I've seen it suggested that there was a drive to punt surplus tanks off to civilian buyers after the war and this event was advertising for that, by demonstrating how useful they were for demolishing things. I haven't been able to confirm any of that and I don't think any of it happened at all, it was probably just some bugger finding the photo and wondering what the fuck they were up to and taking a guess.
In the aftermath of WW1, Worcester "adopted" Gouzeaucourt, one of the villages on the Somme battlefield destroyed in the war, to help it rebuild, apparently largely by dumping the surplus production of various Worcester manufacturers on it. (The original plan was to adopt Gheluvelt, naturally, but Gheluvelt held out for actual bricks and mortar and sweat, which was deemed too expensive, so they picked somewhere else beginning with G instead.) In order to raise funds for this, they designated the Glover's Arms demolition site a "Ruined Flanders Village" and charged people to look round it. Look, they even dug a little trench and put a soldier in it. It sounds like a kind of sick joke, but they had some fucking weird ideas back then (like excluding soldiers from the peace celebrations) and it seemed like a good enough plan that a few other towns also independently had the same idea, although I don't think anywhere else made the site by driving a tank through the middle of town.

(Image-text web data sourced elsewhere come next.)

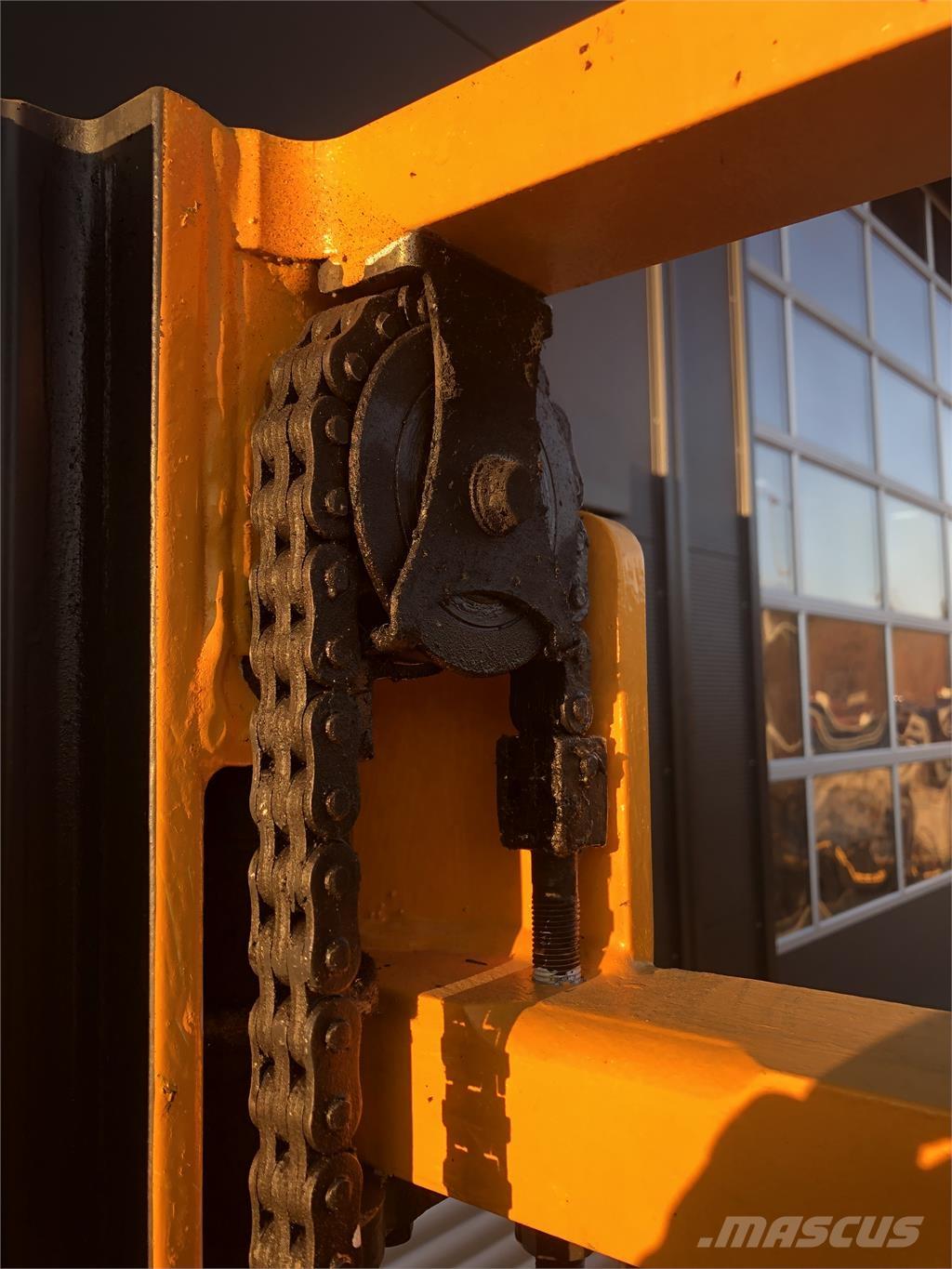 Jungheinrich WP16 Samohybné vozíky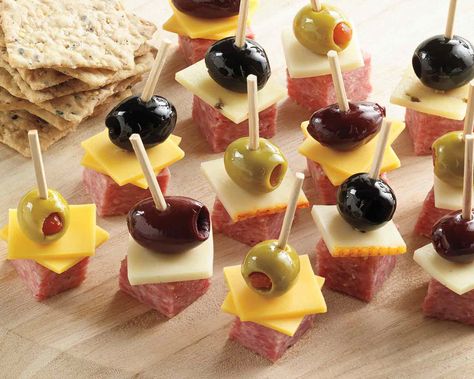 Olive Snack, Antipasto Skewers, Make Ahead Appetizers, Kabob Recipes, Finger Food Appetizers, Snacks Für Party, Party Food Appetizers, Party Snacks, Appetizers For Party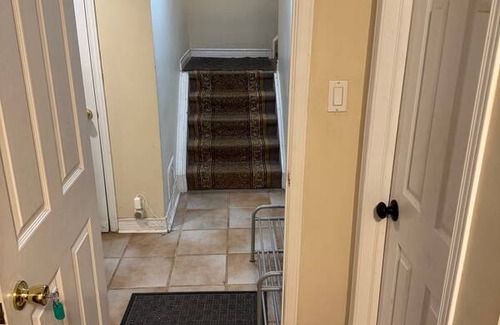 Central Erin Mills Resort | Private room ∙ 3 guests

With this tank being a training vehicle it most likely never left England, and never got the chance to ruin any real Flanders villages (or even Somme ones), so you might argue that this was the closest it ever got to actual service, sort of.
This took place a day or two after the photo in front of Lawley's, so ten days or so in advance of the 19th July date designated nationally for peace celebrations, but it was still reported as being part of Worcester's Peace Carnival. I suppose being all agog to start driving your new tank through some houses is a good enough excuse for kicking off ten days early.
(I don't reckon the tank did the bit of demolition just behind it in the Lawley's photo. They were only after knocking down a bit of that, and keeping the rest. A tank's not really a fine enough tool for that.)
The tank finished up peacefully sitting in its little flowery crater in Gheluvelt Park, being climbed on by children and gradually filling up with rainwater, until 1943 when it went for scrap and apparently discharged its contents all over the scrappies. Cynthia had the last laugh, it seems.